Luzia é atraída por Blanca, que já deveria ter ido embora, mas estava conversando com o Raul sobre a fauna da Romênia. Daí ela diz que vai embora de vez.
Várias pessoas se acomodando na sala. Uma mulher acendendo o cigarro para outra.
Luzia se encontra com Alvaro. Se beijam. Marcam um cato para quando todos se forem. Já são quase quatro da manhã.
Um retrato ao fundo. Quem?
Edmundo percebe que o batom da esposa está fraco. Comenta que é por causa do avançado da hora.
Comentário tolo ou indireta?
Há um busto sobre uma armário atrás deles. Também uma estátua de atleta à direita da tela.
Edmundo apaga as luzes e conversa com alguém sobre mandar preparar os quartos para hospedá-los. Esses falam sobre suas obrigações matinais e como deveriam ir.
Julio apaga mais luzes. Caras comentam se devem ir ou não. Vêem um fulano tirando as roupas para dormir. Alvaro diz que isso é um abuso.
Edmundo e Luzia se incomodam com a situação. Ele arranja desculpa para Leandro, por ter vindo dos EUA. Fala também algo sobre ser nesse horário que o corpo alcança a sua máxima depresão (sonho?) e também como a temperatura está agradável. Tudo para justificar o comportamento inapropriado dos convidados.
Julio: sozinho na sala de jantar.
Os noivos se afastam da horda. Beatriz pergunta: “Por que estamos aqui? Por que não fomos embora?”
Eduardo tá mais interessado em catar ela. Responde: “Porque todos quiseram ficar.”
Se isentam de responsabiliade. Não ficaram à toa, mas seguindo o bando. Não havia porque pensar nisso. Ainda mais com sexo na jogada.
Ela percebe que “não é natural”.
Ele: “a vida é divertida e estranha.”
Ela segura o braço dele. Voltam para junto da horda.
O Sergio olha para a sala. Visivelmente não se sentindo bem.
Angústia?
Amanhece
O número da casa é 1109. Teria alguma relevância?
Os portões estão abertos. Movimento de câmera com grua.
Todos acordam e se arrumam.
Rita comenta sobre o descarrilhamento de Nice, e que está tão dolorida quanto esteve então.
Edmundo está inconformado com a situação.
Mulher ainda falando do acidente de trem. Faz referências à plebe. Não se comoveu com a dor deles. Se reconhece insensível.
Valkira: fome.
Quem foi o príncipe Lucart?? - comparação da frieza frente à morte dele.
O povo é menos sensível à dor. O compara aos touros. Ou, então, por não se compadecerem ao sofrimento dos touros.
Estaria colocando as touradas como espetáculo da plebe??
Mas, então: é México ou Espanha? Tem touradas no México?
Repetição da frase: “fica bem desalinhada.” O Almofadinha se doeu.
Sergio está passando mal. Edmundo quer leva-lo a um hospital, mas o médico diz que é melhor não movê-lo.
Edmundo parece ser a força que não se conforma com a situação e que quer romper com a estagnação de todos, ali dentro. Por ser o anfitrião, dono da casa, talvez represente o Ego.
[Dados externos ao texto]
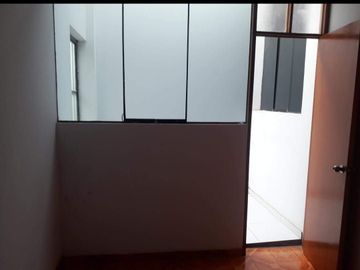VENDO CASA EN ESQUINA FRENTE A PARQUE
O médico diz para sua paciente que o Sergio tem poucas horas de vida. Faz novamente uso da expressão “bem calmo”.
Referência à ausência de tensões do estado de não-vida.
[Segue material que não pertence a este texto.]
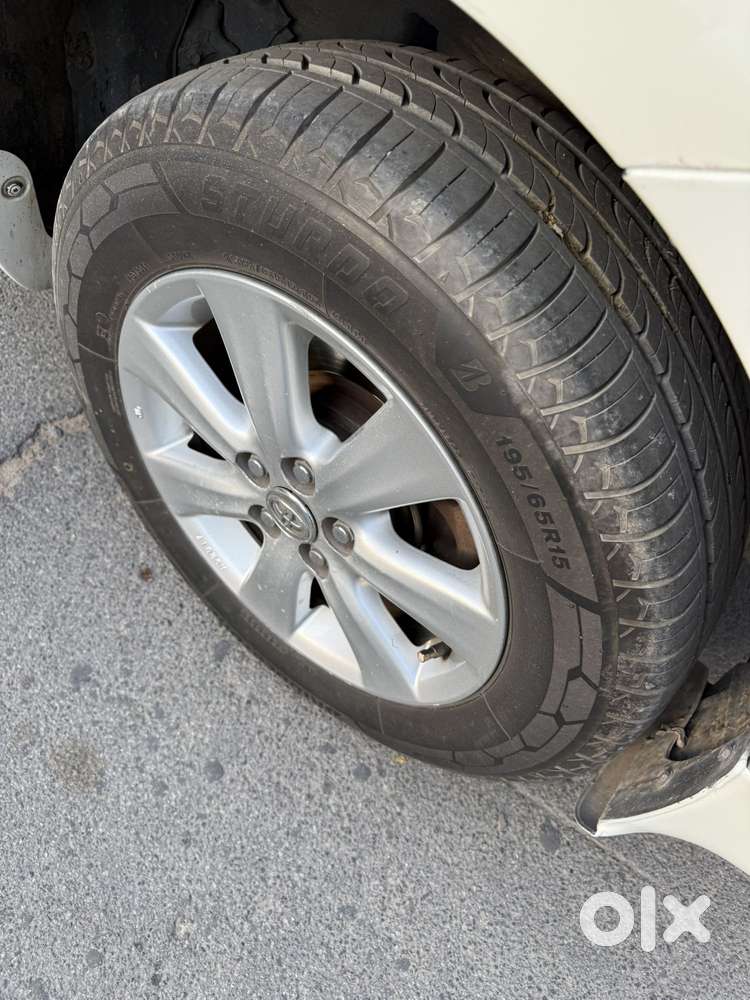 Toyota Corolla Altis [2011-2014] 1.8 Vl At, 2013, Petrol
Ele não aceita o beijo na mão que ela lhe dá. Segura a onda da transferência.
Novo fato estranho: as entregas de suprimentos na casa não estão sendo feitas. Não se consegue entrar na casa.
As mulheres vão a um tocador, mas não passam pelo portal da sala. Um cara de bigode chama atenção para isso:
“Aposto que não vão sair. Estão vendo? Que acham?”